US Presidents have an enormous interest in the IT industry round about now in any administration as the next election comes into view and the campaign collecting cans start to get rattled. Bill Clinton was a notorious panderer to the whims of IT CEOs who wanted to think they had the President's ear and worked them like a pro by pandering to their egos. I suspect Bush has considerably less of that charm, but at least he doesn't have a vice president who claims to have invented the internet!
CRM vendors have been all over Washington like a bad rash since 9/11, arguing that their products and the like can make a major contribution to Homeland Security with some somewhat tastelessly going as far as to suggest that 9/11 might not have happened if the government and security forces had had a decent CRM system in place.
Anyone who's met him will realise that Benioff is a man who doesn't mince his words. He knows his own mind and he's only to ready to make sure that you know it too. There's quite a lot of banging on table tops that goes on from I can recall or maybe I just brought that out in him. Whatever else Bush gets, he will get a no-nonsense, unequivocal advice, I'm sure.

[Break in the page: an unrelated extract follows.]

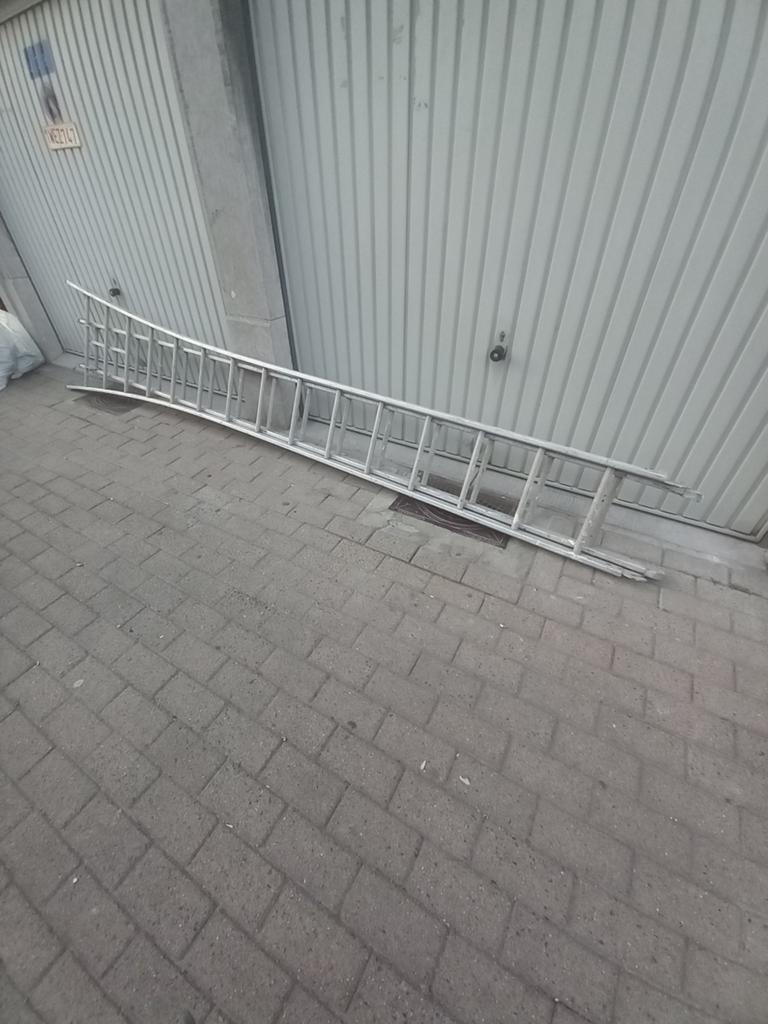 2x3m dubbele aluminium schuifladder, Doe-het-zelf en Bouw, Ladders en Trappen, Ophalen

Mind you, Tom Siebel and Larry Ellison must be fizzing mad. Siebel has been hugely forceful in his presentations to politicos in Washington, while Ellison has long shouted out to be at the heart of any citizen ID database. Ellison at least has the comfort of seeing Oracle walk off with the Homeland Security technology contract that Siebel had coveted so much.
So good luck to Benioff! Let's hope he pushes things along in the right direction. CRM has an enormously powerful role to play as Citizen Relationship Management in the public sector around the globe. If Benioff's presence on the PITAC can help that argument get to the right ears, then it will be a good thing all round.